Nathan Eades
Experienced engineer in threat detection and threat research, I have an abundance of knowledge gained from years of actively uncovering, constructing, scrutinizing, and validating security measures across leading cloud service providers.
In addition, I have successfully designed and managed well known Security Information and Event Management (SIEM) platforms, effectively implemented data loss prevention initiatives, executed comprehensive risk assessments, and consistently engage in coding endeavors through various personal projects.
I'm dedicated to advancing cloud security and have a commitment to staying at the forefront of industry trends. I am thrilled to share my insights and experiences with my peers.
Session
Permiso's p0 labs is privileged to have access to diverse data sets that enable the identification of interesting forms of attack, obfuscation, and anomalies. While cloud service providers like AWS allow for broad naming inputs to identities and resources, this approach can lead to some unforeseen consequences.
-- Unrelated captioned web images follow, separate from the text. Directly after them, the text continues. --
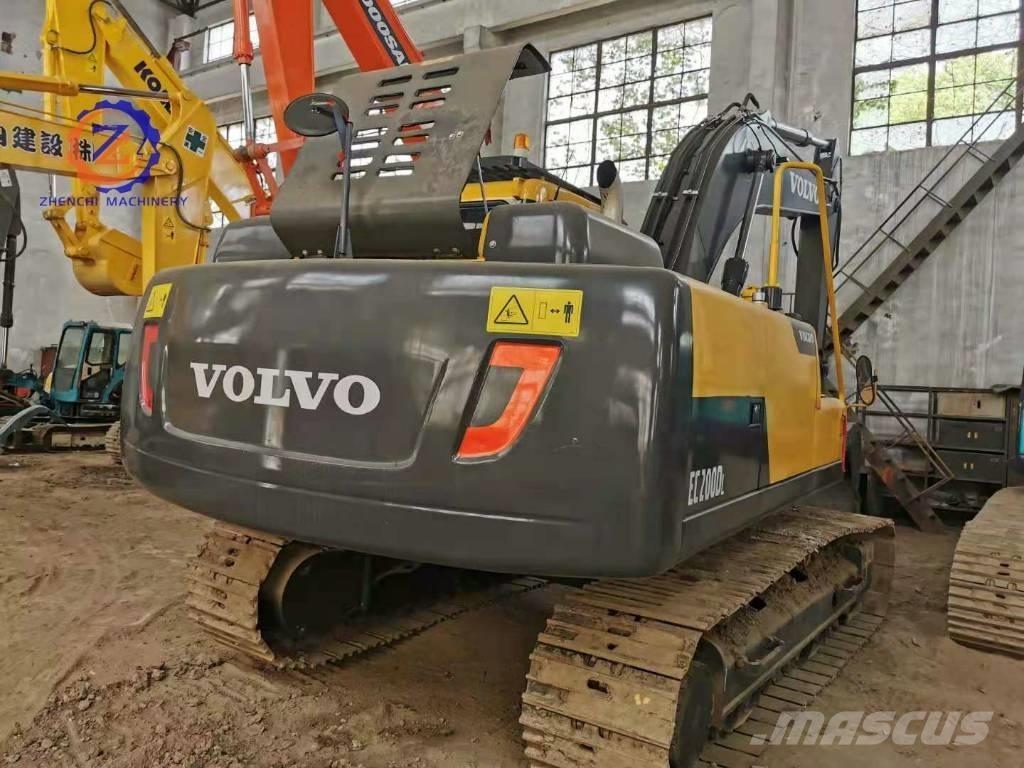 Volvo EC 200 Crawler excavators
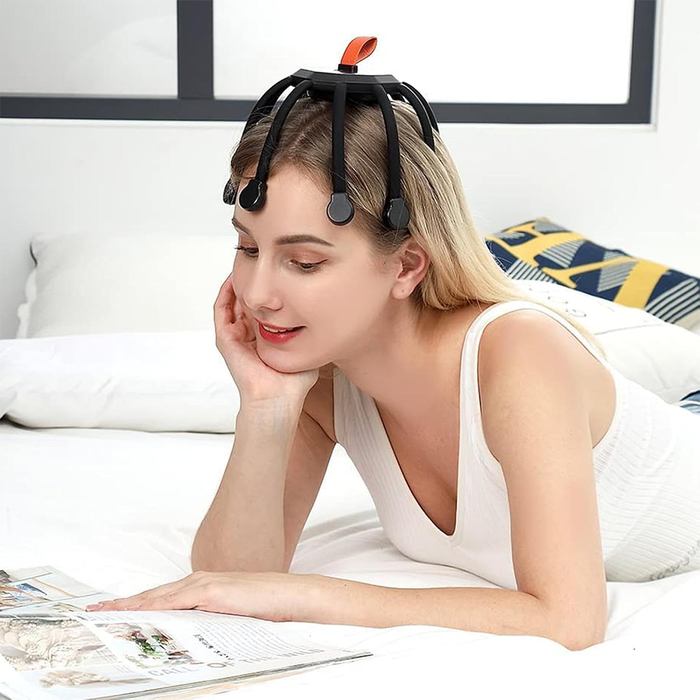 Masajeador eléctrico para el cuero cabelludo Scalp Relax Pro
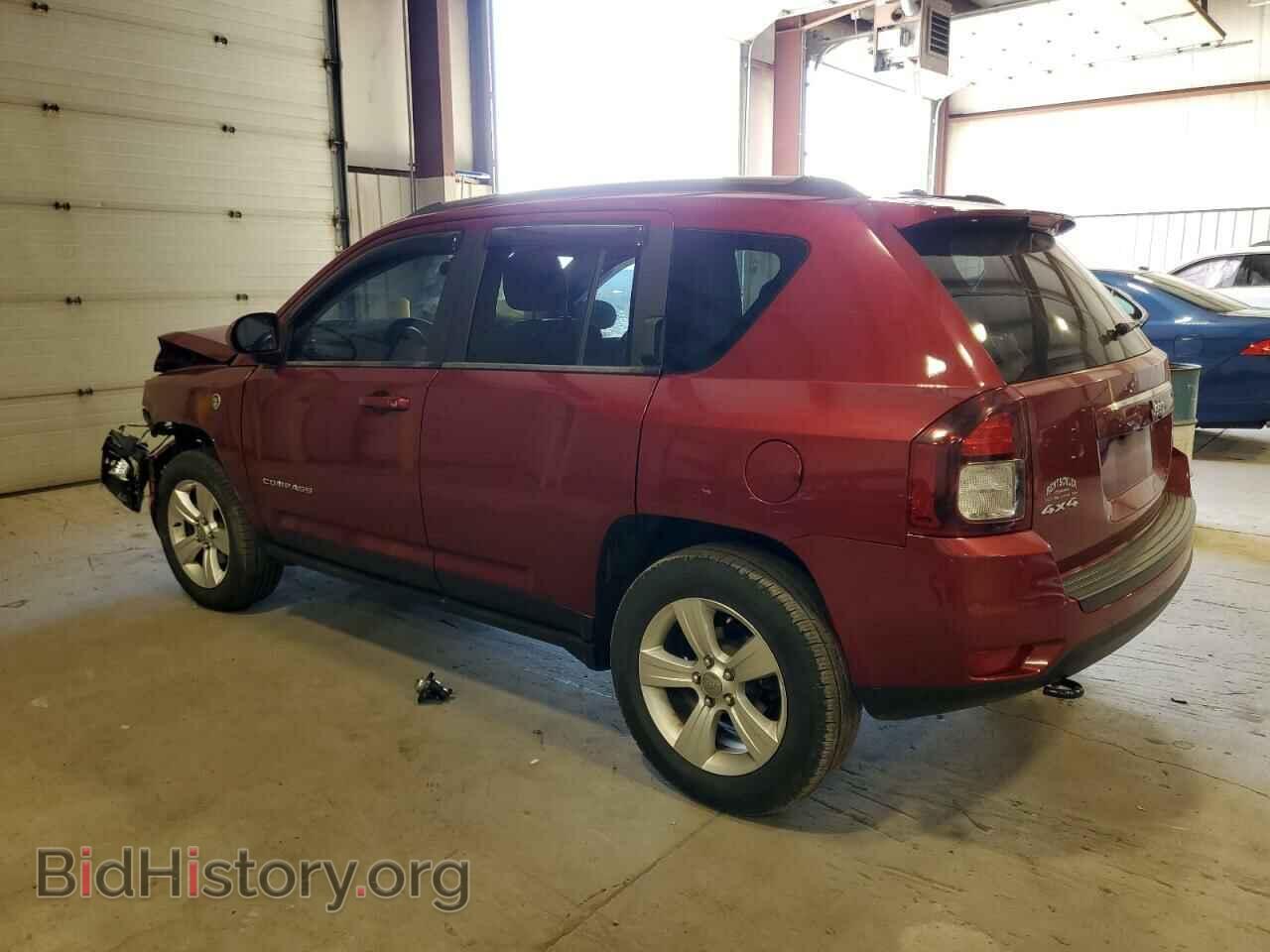 2014 JEEP COMPASS - VIN: 1C4NJDEB6ED574543 - Фото 2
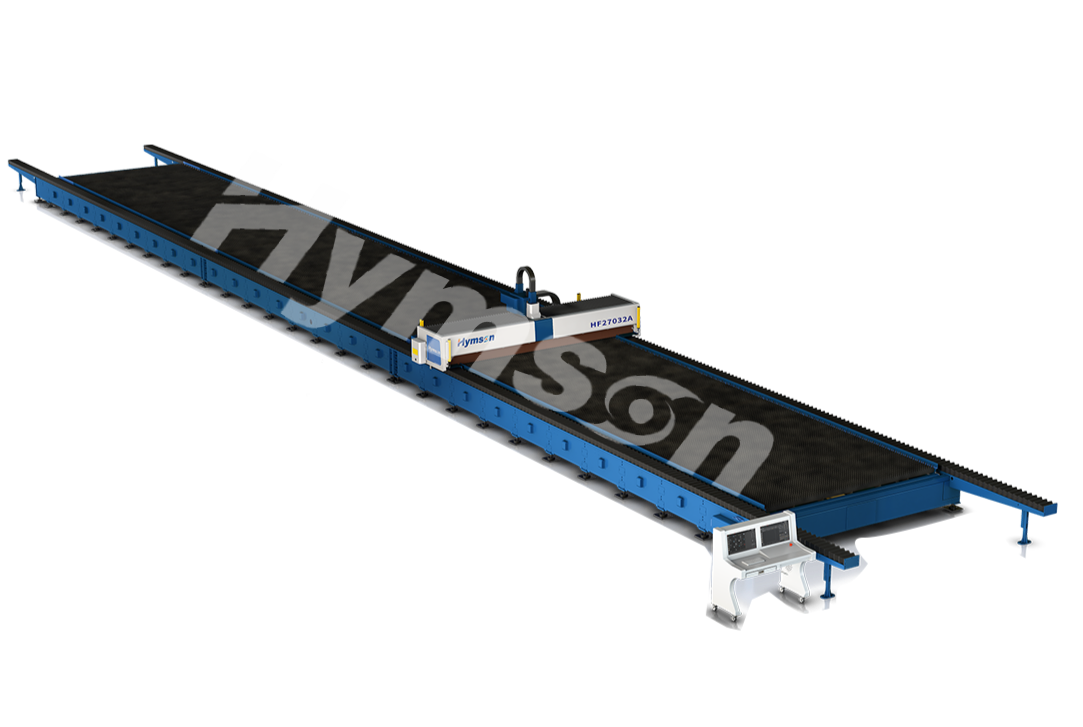 海目星HF?T系列大幅面激光切割機(jī)：大板厚板高精度切割利器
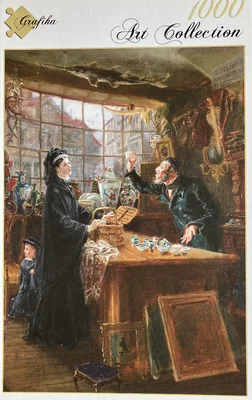 The Old China Shop, 1877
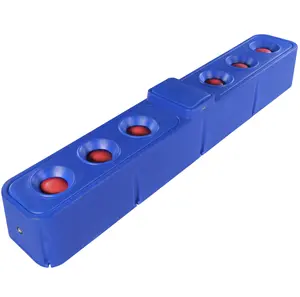 Blue Plastic Trough With Cover Large Capacity Constant Temperature Cow Water Drinker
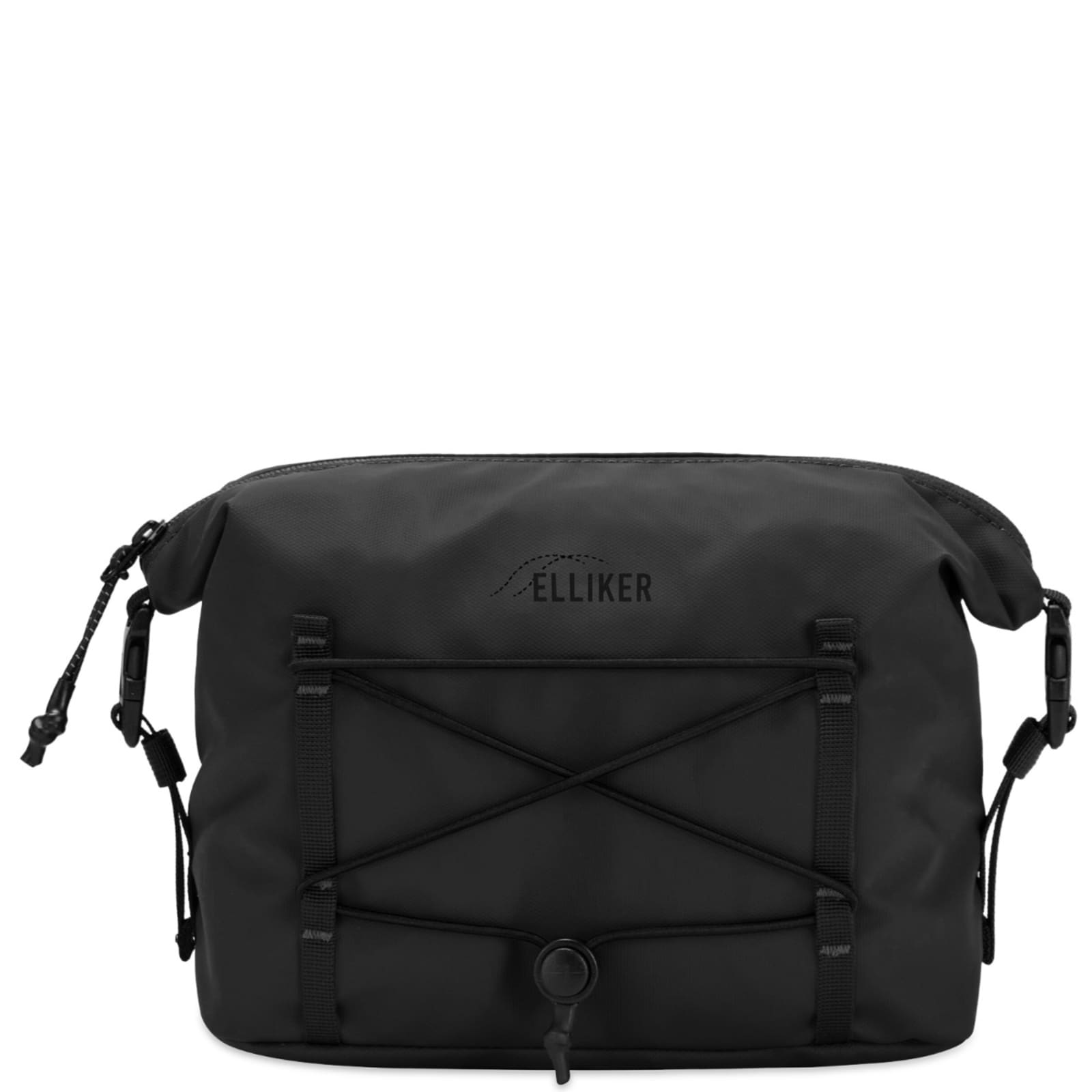 Elliker Angram Wash Bag - Black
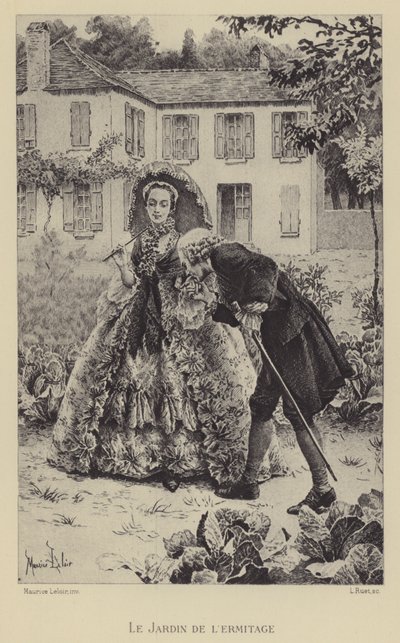 O jardim de l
In this talk, we will explore different scenarios we’ve discovered through our research that highlight how the loose nature of AWS’s naming conventions allows for inputs that can negatively affect detection capabilities and potentially obscure an attack.
Throughout the presentation, I will provide a breakdown of the potential consequences of these scenarios, including their impact on detection and the possible motivations behind them. Additionally, I will discuss a case in which an instance of broad input generated false positive detections in an environment years later. By analyzing these scenarios, we hope to provide insights into the importance of keeping your eyes open when reviewing logs, spark some ideas of your own, and maybe help you down the path to find similar instances in your own environments.